“Mr. Woodcock”, starting with the title, constitutes a bad joke. And even worse an ineffective one.
The drill-sergeant P.E. teacher (Billy Bob Thornton), after which the film is named, feeds on the sadistic mockery of his early pubescent male students. Obesity, lack of athleticism, and even asthma are prime targets.
His lesson plan, a perverse approach to building character, would unlikely find accreditation even in a third world prison.
John Farley (Seann William Scott), during his overweight youth, frequently fell victim to Woodcock’s abuse. Now he bathes in the national limelight as a best-selling self-help author.
When he returns to the backwater community to receive the town’s prestigious Corn Cob Key award he finds his widowed mother Beverly (Susan Sarandon), dating his former nemesis.
“Mr. Woodcock” amazingly resurrects two stereotypes, the men-out-of-boys creator and the smooth talking self-help guru–both dinosaurs long ago flushed from contemporary culture with the pain and subsequent relief of over-large kidney stones.
It’s as though somebody conveniently forgot to release the movie about fifteen years ago. Perhaps they just lacked the courage.
Farley as a former inmate of the infamous gym class, finds Woodcock the same-old bargain basement Bobby Knight he remembered. Unchanged, the bully appears at home in the small Midwest town–a place locked in time, where the men are men, and the women appreciative.
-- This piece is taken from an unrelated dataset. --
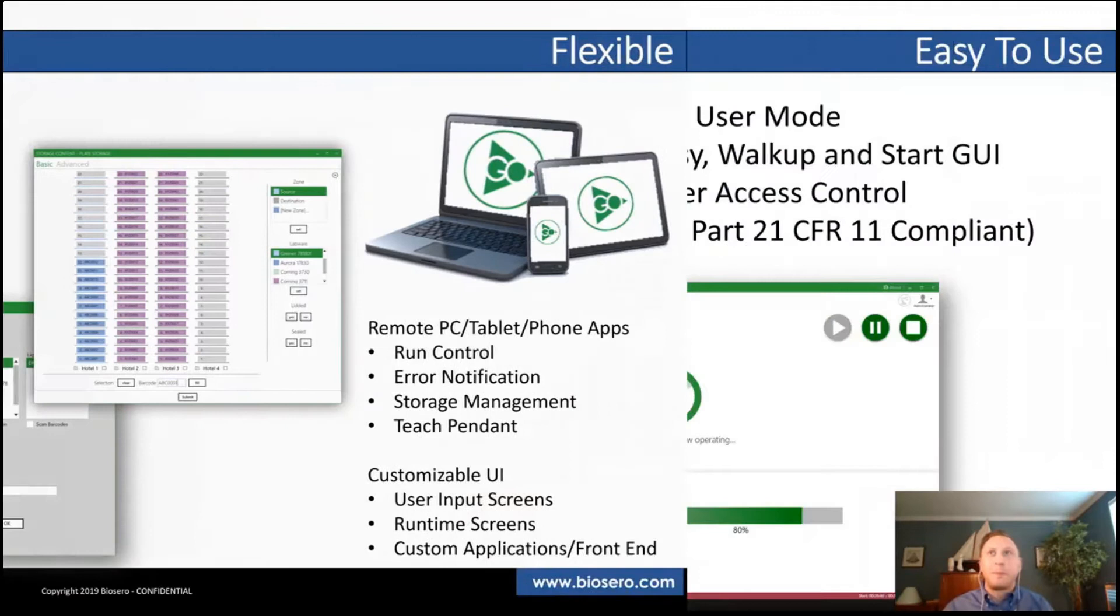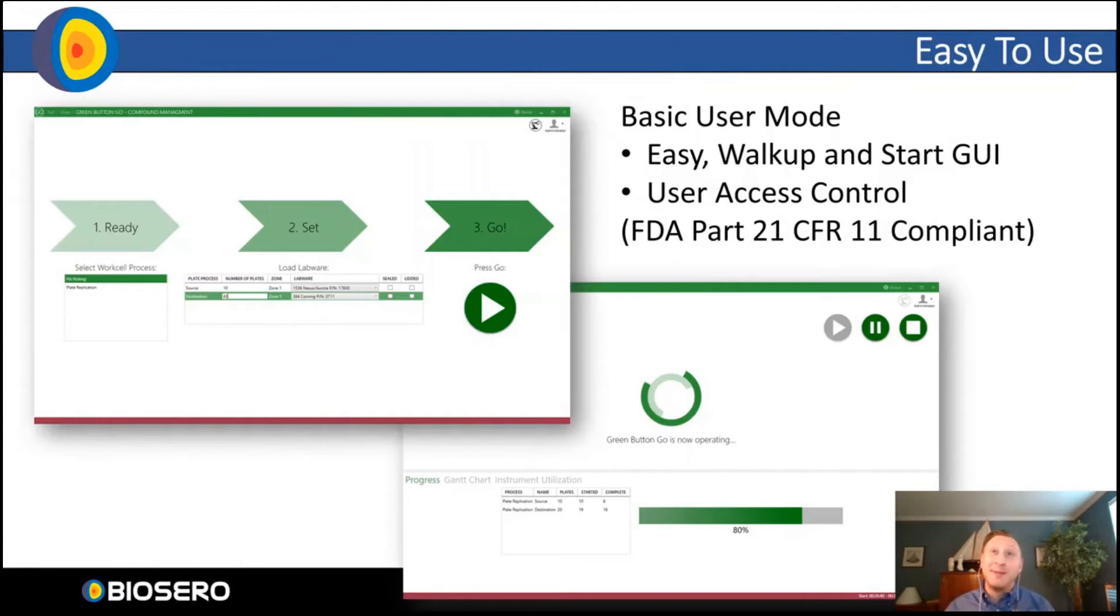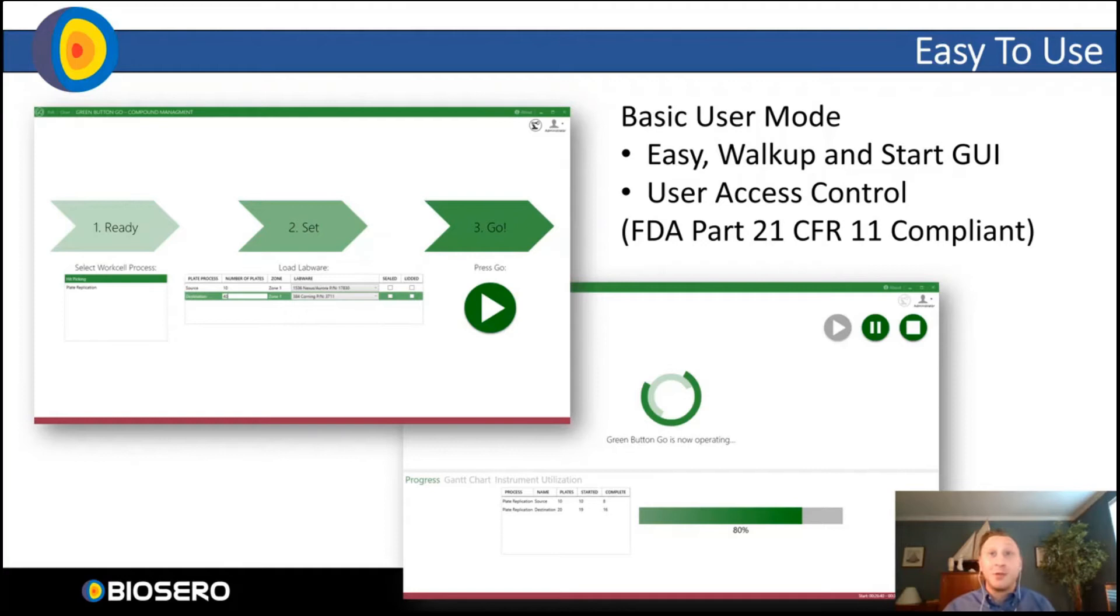From a flexibility point of view, Green Button Go has a number of different tablet or phone applications, and also customizable user interfaces, so you can tailor that automation experience to your users. And lastly, Green Button Go is extremely easy to use. What you see here is an example of the Ready Set Go basic user screen, where when a protocol is deployed to users, all they have to do is walk up, tell the system how many samples they're running, and hit Go. It really is that easy.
In contrast the once insecure fat boy returns as a self-indulgent celebrity. Blind to all but his own opinion, he stands determined to undermine his mother’s affair. He enlists the help of his old high school buddy, Jay Nedderman (Ethan Suplee) and the two set out to dig up dirt on Woodcock.
The two find additional inspiration in what they consider a total farce: Woodcock’s upcoming award for Instructor of the Year. Jay however lags in passion.
In response to Farley’s growing anger, his friend constantly quotes to the author from his book, “Letting Go: Getting Past Your Past”, which discourages the very behavior in which they’re engaged.
In the meantime Mom attempts to broker a peace between the two men for whom she cares most.
Woodcock, picking up from where he left off when Farley was a student, confronts the young man’s masculinity at every opportunity. Furthering these taunts, he reminds him, rudely and graphically, of something the writer has overlooked: that the gym instructor’s considerable athleticism and virility, brings significant pleasure to Mom.
So obsessed is Farley with this confrontation he passes on a possible invitation to appear on Oprah; a once in a lifetime opportunity to further secure his financial and professional future becomes superceded by his drive to oust Woodcock from his mother’s life.
This tedious conflict has all the suspense of the Midwest landscape in which it is set, offering few, if any, surprises. Scanning over these corn and wheat covered horizons, there’sscarcely a sympathetic character or a witty moment to be found.
It’s curious to find Thornton in this movie, revisiting the similar out-of-date theme from last year’s mediocre “School for Scoundrels” in which he appeared. In “Woodcock” his character never much exceeds the humor punned by his name.
Warning: “Woodcock” may lead to sexual dysfunction. The sparse humor may bring on unwarranted fears of “not getting it” and overall dourness. If “Woodcock” symptoms last for more than four hours, please consult the local entertainment pages for another comedy.